International outrage after ethnic cleansing in Myanmar

By Olivia Jenkins

Over 370,000 Rohingya Muslims have left Myanmar due to violence in the region of the Rakhine state. The refugees have been fleeing their homes in southwestern part of the country after the Myanmar  military burned and attacked several villages.

The violence started on August 25, when a group of Rohingya militants known as the Arakan Rohingya Salvation Army attacked several police checkpoints, causing the Myanmar military to respond with violence against militant groups and civilians without distinction. Refugees have spoken of their homes being assaulted by helicopters along with troops destroying villages and slaughtering men, women and children.
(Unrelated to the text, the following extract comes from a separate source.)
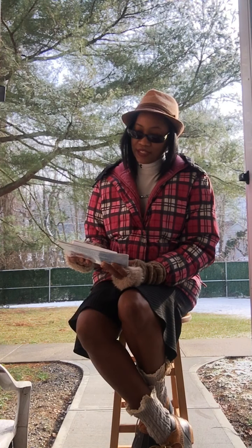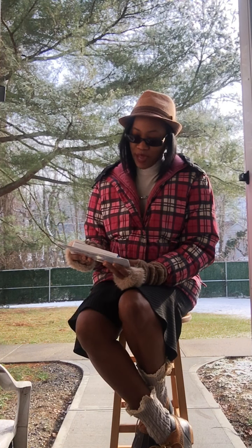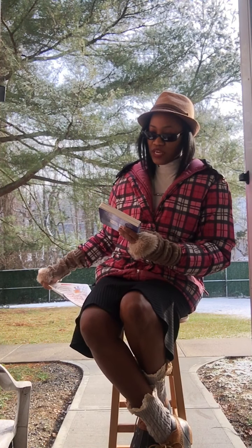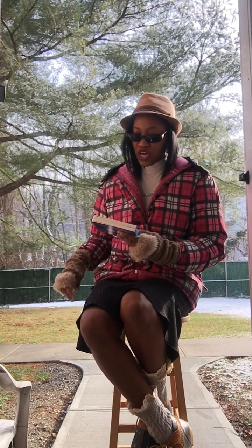Our book today is The Itsy Bitsy Snowman, and it is by Jeffrey Bortan. And it is illustrated by Sanja Resik.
“On Wednesday they burned our village, so we ran to another. But the next day they burned it, too, so we just kept going until we reached the river,” said Satara Begum, Rohingya refugee whose husband and two children were killed, in an interview with NPR.

The United Nations High Commissioner on Human Rights, Zeid Ra’ad al-Hussein, called the actions taken by the Myanmar military “a textbook example of ethnic cleansing,” while addressing the United Nations Human Rights Council. Ethnic cleansing is defined as a systematic effort to eliminate an ethnic group from a territory through the use of violence or the threat of violence. Seen in Yugoslavia and Rwanda in the 1990’s, ethnic cleansing has extreme effects on the population and is frequently accompanied by genocide.

Many of those looking to escape the violence in Rakhine have fled to Bangladesh. Most refugees were unable to bring any goods along with them because they were forced to leave immediately. The path to Bangladesh is filled with muddy and dangerous paths and flooded rivers. Refugees who travel by boat often face dangerous waters as reports of capsized boats increase. Human rights groups claim that the military has been placing landmines along pathways into Bangladesh as a way of specifically targeting refugees.

“I have never seen such things in my 33 years of experience, I have never before received so many bullet injuries and bomb blast injuries,” said Mohammed Iqbal Hossain, the director of orthopaedic surgery at Chittagong Hospital in Bangladesh in an interview CNN.

With the large influx of refugees in such a short period of time, refugee camps and hospitals have become overcrowded and supplies are increasingly scarce.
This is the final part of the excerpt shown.